▸ **Records shown**:
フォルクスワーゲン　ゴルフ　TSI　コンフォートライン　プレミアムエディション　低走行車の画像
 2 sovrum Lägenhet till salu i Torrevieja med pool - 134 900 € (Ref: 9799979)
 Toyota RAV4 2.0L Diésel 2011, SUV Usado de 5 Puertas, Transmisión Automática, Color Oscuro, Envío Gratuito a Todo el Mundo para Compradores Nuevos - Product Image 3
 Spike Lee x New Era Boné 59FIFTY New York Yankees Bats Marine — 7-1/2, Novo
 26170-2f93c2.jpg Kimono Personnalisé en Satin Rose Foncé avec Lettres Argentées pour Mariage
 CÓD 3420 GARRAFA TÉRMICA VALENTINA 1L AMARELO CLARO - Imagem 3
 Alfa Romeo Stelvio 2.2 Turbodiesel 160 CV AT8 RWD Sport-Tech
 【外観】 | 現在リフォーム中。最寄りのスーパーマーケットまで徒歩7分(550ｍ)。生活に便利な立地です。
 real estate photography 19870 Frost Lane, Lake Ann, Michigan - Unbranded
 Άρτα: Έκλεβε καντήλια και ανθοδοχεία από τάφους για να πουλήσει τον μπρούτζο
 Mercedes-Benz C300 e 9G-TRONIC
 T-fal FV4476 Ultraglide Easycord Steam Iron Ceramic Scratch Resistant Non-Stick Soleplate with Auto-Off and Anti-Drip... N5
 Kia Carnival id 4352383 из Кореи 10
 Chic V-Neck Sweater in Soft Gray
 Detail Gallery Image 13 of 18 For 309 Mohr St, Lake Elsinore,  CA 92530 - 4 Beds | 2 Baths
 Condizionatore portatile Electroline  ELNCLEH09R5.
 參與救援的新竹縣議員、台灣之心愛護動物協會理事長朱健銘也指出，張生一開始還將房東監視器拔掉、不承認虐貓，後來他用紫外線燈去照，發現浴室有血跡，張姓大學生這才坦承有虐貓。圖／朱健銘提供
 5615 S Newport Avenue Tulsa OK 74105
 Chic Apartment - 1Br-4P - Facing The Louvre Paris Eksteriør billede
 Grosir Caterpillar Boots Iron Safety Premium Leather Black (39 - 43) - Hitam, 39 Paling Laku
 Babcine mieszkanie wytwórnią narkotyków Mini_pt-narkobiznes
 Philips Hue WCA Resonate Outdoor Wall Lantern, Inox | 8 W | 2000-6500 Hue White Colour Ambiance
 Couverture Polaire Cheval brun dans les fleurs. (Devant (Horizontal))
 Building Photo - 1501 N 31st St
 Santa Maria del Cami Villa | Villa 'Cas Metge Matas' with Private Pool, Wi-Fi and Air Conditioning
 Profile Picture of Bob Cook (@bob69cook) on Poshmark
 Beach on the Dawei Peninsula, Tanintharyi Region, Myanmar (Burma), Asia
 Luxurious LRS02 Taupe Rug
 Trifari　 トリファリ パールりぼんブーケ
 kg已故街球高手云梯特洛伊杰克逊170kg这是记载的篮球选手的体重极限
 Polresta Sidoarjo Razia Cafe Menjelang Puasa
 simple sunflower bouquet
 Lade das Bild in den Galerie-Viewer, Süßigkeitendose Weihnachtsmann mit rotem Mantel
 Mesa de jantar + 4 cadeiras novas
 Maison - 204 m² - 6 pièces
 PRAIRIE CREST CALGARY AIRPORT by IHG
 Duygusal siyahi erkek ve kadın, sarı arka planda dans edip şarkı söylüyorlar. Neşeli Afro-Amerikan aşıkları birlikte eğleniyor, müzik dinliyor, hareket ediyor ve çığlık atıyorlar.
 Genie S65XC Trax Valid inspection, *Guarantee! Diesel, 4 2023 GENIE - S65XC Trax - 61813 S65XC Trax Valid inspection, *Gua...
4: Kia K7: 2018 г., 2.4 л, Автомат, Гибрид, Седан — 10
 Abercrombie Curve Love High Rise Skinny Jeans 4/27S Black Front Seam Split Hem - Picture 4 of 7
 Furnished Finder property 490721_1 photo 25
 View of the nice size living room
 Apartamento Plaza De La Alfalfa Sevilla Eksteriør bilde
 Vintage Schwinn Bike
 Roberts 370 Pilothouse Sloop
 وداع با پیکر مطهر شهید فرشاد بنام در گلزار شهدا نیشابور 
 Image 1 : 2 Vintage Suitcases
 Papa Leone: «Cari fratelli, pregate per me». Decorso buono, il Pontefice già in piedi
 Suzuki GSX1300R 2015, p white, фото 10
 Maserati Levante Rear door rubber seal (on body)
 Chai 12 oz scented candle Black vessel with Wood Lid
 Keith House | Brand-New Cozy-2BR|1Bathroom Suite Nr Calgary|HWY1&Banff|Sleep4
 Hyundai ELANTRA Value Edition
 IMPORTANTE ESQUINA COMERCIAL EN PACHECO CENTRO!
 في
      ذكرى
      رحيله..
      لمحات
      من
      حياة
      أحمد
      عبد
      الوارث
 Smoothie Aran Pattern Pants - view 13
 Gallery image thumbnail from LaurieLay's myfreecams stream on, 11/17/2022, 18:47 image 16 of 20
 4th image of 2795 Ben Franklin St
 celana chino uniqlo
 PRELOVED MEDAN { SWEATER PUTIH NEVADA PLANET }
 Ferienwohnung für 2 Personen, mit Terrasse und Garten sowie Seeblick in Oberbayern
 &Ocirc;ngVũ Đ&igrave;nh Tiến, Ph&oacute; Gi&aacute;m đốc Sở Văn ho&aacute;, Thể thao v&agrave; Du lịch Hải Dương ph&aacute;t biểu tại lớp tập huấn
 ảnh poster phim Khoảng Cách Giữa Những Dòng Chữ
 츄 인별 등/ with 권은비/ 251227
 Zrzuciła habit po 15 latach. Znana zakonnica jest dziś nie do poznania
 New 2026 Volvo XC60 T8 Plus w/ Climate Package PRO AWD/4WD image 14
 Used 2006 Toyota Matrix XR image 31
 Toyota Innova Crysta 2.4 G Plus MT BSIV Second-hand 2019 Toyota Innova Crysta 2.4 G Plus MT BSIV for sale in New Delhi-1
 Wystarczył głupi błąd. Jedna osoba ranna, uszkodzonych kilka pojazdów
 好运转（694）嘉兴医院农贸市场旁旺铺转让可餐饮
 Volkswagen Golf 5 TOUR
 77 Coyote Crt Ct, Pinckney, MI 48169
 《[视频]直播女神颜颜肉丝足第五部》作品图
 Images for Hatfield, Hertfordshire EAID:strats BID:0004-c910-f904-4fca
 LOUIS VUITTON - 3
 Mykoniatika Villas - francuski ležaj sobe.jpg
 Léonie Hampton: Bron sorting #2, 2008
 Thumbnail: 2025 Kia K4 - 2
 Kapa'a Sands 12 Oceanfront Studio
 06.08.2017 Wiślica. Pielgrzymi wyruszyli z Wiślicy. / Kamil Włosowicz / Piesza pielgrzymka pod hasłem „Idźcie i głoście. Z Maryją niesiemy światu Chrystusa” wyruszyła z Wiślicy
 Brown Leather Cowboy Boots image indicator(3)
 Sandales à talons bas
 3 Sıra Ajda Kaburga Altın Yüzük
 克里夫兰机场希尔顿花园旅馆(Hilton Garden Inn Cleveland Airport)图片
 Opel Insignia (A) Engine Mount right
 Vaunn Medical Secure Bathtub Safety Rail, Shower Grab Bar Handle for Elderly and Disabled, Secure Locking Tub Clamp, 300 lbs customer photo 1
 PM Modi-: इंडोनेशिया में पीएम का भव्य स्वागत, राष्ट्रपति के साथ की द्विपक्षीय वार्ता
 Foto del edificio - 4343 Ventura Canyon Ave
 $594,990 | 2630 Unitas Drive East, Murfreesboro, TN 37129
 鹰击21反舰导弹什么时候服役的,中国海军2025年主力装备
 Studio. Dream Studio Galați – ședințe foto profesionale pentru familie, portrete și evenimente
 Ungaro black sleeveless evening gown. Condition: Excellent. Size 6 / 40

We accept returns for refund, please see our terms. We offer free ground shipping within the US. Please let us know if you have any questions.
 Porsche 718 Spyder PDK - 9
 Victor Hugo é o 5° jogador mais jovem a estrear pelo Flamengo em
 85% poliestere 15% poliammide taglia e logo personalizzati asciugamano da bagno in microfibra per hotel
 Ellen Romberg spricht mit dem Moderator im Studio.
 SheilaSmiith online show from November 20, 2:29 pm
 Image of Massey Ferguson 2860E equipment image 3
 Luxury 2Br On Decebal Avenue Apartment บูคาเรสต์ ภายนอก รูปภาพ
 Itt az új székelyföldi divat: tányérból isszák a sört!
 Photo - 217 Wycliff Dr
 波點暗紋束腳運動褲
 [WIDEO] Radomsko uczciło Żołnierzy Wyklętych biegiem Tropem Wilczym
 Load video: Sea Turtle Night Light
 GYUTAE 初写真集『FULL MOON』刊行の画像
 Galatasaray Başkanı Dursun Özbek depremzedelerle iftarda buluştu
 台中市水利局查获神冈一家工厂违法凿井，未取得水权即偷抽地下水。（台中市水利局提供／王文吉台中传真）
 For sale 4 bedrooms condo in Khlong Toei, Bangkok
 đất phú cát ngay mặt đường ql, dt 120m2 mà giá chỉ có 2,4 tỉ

▸ **What the exercise asks**: What lines in the data hold the word "from"? Return them.

▸ **Output for this exercise**:
 Gallery image thumbnail from LaurieLay's myfreecams stream on, 11/17/2022, 18:47 image 16 of 20
 SheilaSmiith online show from November 20, 2:29 pm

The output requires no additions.